= WORK INSTRUCTIONS =
Take the lines below beginning at the line that has "Translucent Blue +" and stopping after the line that has "Farmhouse Fresh with Pastel Pink Accents", and print them exactly as they are, with no other lines.

Segment Start: DATA FOR THIS TASK

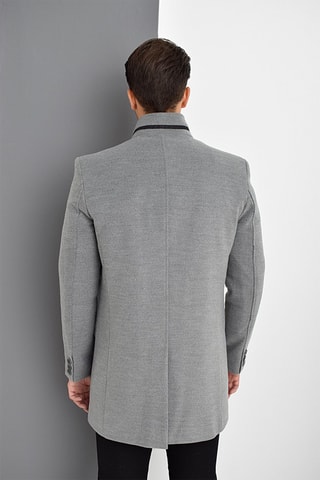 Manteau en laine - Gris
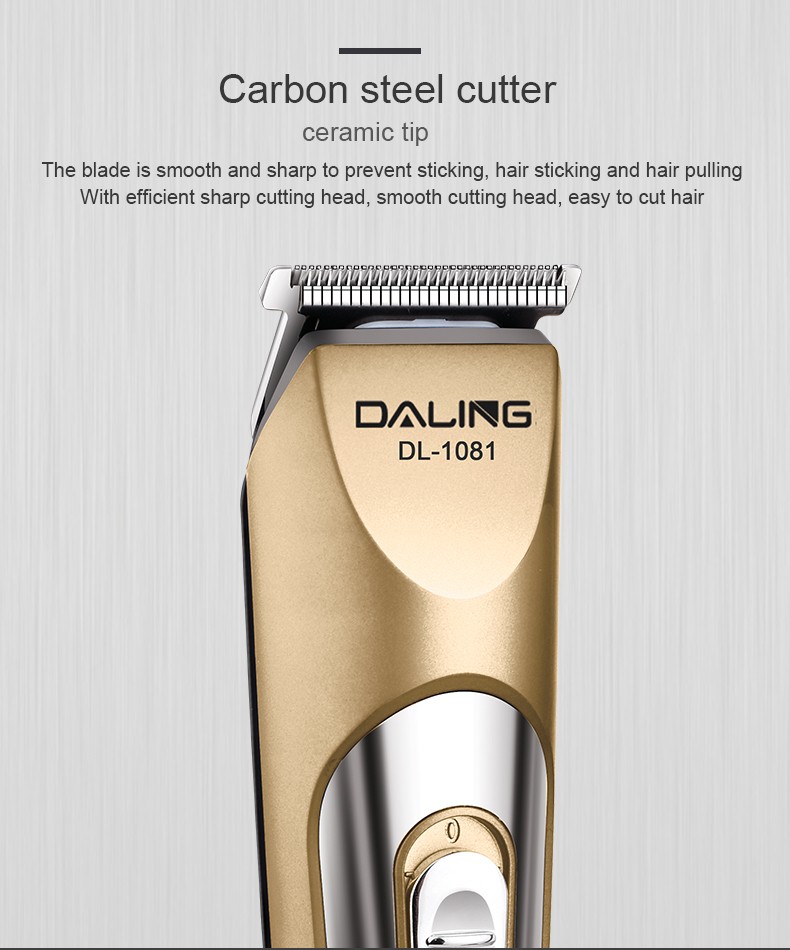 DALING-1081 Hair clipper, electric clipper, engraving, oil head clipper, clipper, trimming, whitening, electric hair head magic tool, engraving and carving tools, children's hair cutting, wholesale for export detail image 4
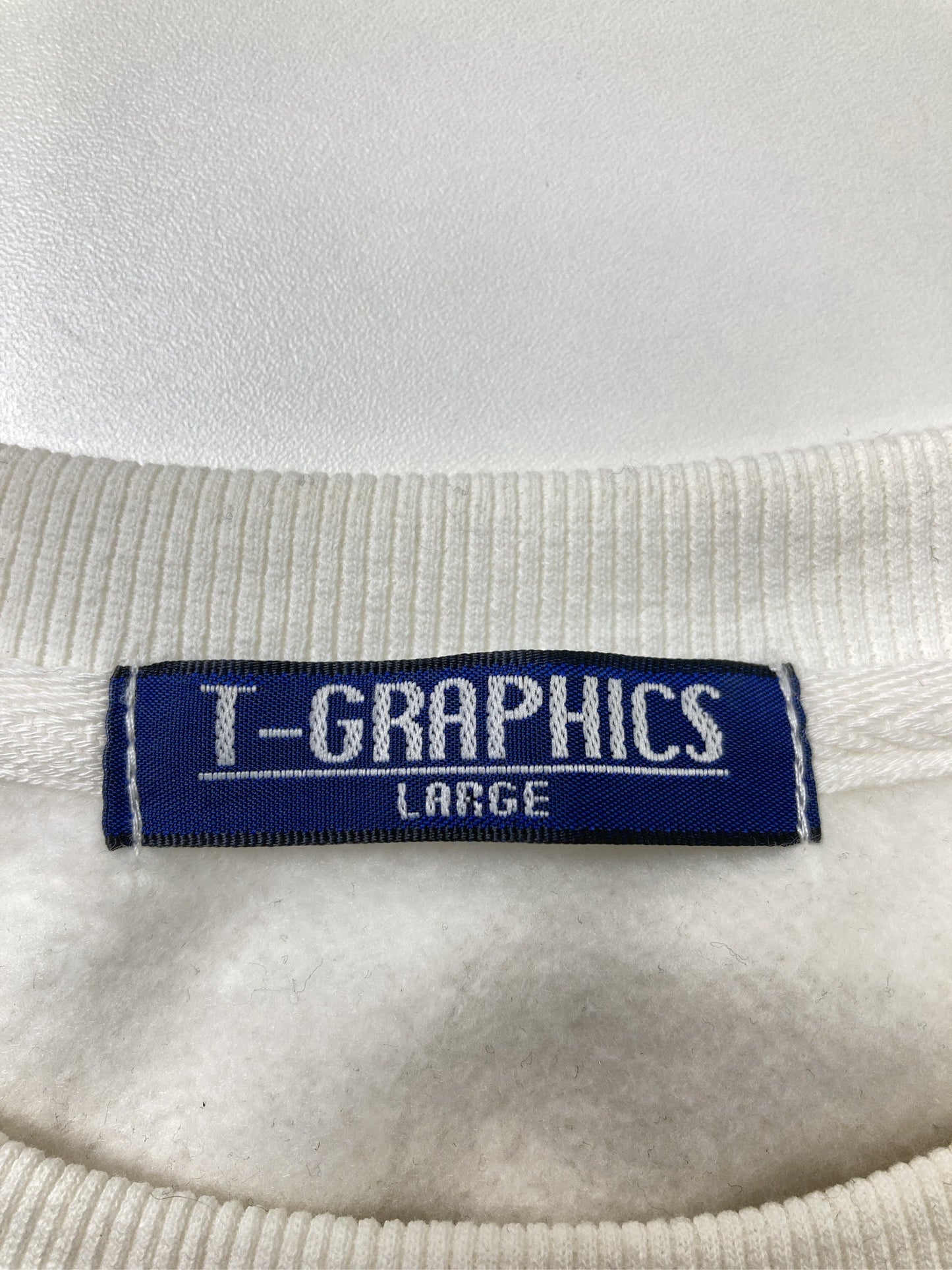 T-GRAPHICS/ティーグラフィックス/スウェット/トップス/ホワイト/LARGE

Segment End: DATA FOR THIS TASK
Segment Start: DATA FOR THIS TASK

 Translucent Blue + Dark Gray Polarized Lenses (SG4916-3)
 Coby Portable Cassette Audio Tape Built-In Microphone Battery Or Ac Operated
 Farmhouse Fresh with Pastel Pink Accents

Segment End: DATA FOR THIS TASK

= TASK OUTPUT =
 Translucent Blue + Dark Gray Polarized Lenses (SG4916-3)
 Coby Portable Cassette Audio Tape Built-In Microphone Battery Or Ac Operated
 Farmhouse Fresh with Pastel Pink Accents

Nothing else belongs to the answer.